> [Aim of the task]: Set out exactly, line by line, the stretch of data below that begins at the line containing "Multi-Strand Pearl Necklace" and ends at the line containing "Bouquetin Bleu Kawaii", with both ends kept.

-- Opening Marker --

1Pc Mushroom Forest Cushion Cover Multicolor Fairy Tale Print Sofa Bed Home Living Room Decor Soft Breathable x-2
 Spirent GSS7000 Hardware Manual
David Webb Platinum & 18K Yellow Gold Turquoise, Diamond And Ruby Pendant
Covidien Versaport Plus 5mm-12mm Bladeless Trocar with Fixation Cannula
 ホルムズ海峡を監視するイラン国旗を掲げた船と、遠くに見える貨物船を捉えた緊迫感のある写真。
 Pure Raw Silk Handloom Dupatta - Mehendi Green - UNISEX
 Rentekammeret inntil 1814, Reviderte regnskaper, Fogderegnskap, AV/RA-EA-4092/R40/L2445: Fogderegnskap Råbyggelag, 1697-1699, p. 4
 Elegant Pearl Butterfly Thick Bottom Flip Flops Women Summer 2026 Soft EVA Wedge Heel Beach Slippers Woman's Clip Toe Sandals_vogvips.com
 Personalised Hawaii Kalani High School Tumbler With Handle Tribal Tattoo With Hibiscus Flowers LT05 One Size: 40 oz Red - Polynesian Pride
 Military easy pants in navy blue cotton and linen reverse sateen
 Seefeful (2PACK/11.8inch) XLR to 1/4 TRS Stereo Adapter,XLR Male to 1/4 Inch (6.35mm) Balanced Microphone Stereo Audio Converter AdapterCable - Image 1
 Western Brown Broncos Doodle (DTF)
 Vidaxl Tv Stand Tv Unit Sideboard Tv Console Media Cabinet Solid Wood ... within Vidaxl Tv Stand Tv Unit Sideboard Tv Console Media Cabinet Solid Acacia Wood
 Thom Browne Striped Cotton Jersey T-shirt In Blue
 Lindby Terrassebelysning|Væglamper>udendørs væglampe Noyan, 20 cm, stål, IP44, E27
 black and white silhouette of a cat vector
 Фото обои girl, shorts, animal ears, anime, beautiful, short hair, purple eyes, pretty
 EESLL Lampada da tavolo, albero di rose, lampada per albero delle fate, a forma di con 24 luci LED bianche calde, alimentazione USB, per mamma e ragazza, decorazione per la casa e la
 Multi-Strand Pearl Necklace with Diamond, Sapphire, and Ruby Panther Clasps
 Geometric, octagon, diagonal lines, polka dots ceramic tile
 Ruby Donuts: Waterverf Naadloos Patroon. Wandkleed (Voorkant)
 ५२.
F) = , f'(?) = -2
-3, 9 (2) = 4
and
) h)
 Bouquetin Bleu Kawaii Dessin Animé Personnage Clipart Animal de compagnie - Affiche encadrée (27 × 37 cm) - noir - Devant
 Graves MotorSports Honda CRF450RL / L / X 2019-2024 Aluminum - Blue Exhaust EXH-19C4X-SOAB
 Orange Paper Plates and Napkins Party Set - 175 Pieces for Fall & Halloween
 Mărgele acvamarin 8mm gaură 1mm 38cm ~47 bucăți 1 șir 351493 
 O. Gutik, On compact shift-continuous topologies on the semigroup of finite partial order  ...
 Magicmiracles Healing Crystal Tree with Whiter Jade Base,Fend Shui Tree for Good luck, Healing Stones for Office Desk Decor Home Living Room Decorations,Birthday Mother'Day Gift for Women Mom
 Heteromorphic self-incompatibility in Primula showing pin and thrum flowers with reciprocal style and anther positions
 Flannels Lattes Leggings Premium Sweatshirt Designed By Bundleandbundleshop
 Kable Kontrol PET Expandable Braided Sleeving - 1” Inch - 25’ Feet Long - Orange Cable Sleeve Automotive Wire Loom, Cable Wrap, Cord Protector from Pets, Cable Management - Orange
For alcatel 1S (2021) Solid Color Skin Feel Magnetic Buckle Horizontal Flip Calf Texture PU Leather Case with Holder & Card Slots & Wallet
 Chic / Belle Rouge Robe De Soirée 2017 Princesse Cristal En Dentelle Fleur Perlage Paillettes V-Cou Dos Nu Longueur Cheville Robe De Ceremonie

-- Closing Marker --

> [Solution for this exercise]:
 Multi-Strand Pearl Necklace with Diamond, Sapphire, and Ruby Panther Clasps
 Geometric, octagon, diagonal lines, polka dots ceramic tile
 Ruby Donuts: Waterverf Naadloos Patroon. Wandkleed (Voorkant)
 ५२.
F) = , f'(?) = -2
-3, 9 (2) = 4
and
) h)
 Bouquetin Bleu Kawaii Dessin Animé Personnage Clipart Animal de compagnie - Affiche encadrée (27 × 37 cm) - noir - Devant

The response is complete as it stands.